On paper, the Tucson industrial market’s occupancy experienced a slight decline over the previous quarter. However, when looking at overall performance, excluding a 100,000 square foot (sf) lease that failed to materialize, occupancy held its ground and likely experienced growth by users of small business space. While still not robust, velocity in the marketplace increased slightly, and rent increases were seen in some spaces under 3,000 sf.
After years without activity, inquiries for larger requirements began to get a pulse, thanks in part to synergy with the greater Tucson’s proximity to Mexico. In fact, a Mexican sugar producer, Zucarmex, located in the region. Other factors contributing to Tucson’s attractiveness to site selectors include its location relative to California and Texas markets, right-to-work laws, lower business operating costs, and an attractive lifestyle and climate.

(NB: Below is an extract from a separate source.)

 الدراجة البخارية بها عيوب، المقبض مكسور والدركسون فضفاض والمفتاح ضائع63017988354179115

The three largest lease signings for the quarter comprised two suppliers and an aerospace industry manufacturer. The most active users in the marketplace included non-traditional users such as charter schools, churches, and dispensaries, and saw a healthier climate for building supply providers.

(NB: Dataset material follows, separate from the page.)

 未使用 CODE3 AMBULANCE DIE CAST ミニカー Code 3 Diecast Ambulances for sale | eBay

New construction remained minimal, with one 14,214 sf build-to-suit completion in the southeast.
Our team sensed a slowing in lender-owned inventory, as availability of REO assets may have peaked. Sales activity favored smaller companies, with numerous user transactions in the 2,000 to 32,000 sf range. The few Tucson industrial investment sales were in a very broad range per sf, but all well below replacement cost.
Look for the slightly positive trend to continue throughout 2014, as we predict increased interest from larger users of industrial space. Industries dependent on defense and other public spending will continue to struggle for the near term, but logistics and trade oriented-users will see increasing momentum. Look for construction to commence Q2 2014 for a 200,000 sf logistics facility in the airport submarket.